## EXERCISE
Below are the entries. Transcribe exactly the lines from the one with "A blank sticky" through the one with "Bedroom featuring light", ends included, and leave out all others.
___ MATERIALS PROVIDED ___
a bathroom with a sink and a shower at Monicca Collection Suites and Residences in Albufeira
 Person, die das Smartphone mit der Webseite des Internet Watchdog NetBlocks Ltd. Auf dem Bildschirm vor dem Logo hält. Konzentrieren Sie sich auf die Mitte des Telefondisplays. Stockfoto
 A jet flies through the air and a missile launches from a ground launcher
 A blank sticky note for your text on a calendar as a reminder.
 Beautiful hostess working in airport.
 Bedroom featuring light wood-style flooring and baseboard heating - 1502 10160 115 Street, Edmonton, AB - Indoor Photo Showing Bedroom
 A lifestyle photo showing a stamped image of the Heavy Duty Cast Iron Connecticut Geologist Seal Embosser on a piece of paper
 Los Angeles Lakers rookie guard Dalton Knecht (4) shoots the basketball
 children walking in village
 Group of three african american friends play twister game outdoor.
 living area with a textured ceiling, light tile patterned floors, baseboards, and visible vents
___
## EXERCISE ANSWER
 A blank sticky note for your text on a calendar as a reminder.
 Beautiful hostess working in airport.
 Bedroom featuring light wood-style flooring and baseboard heating - 1502 10160 115 Street, Edmonton, AB - Indoor Photo Showing Bedroom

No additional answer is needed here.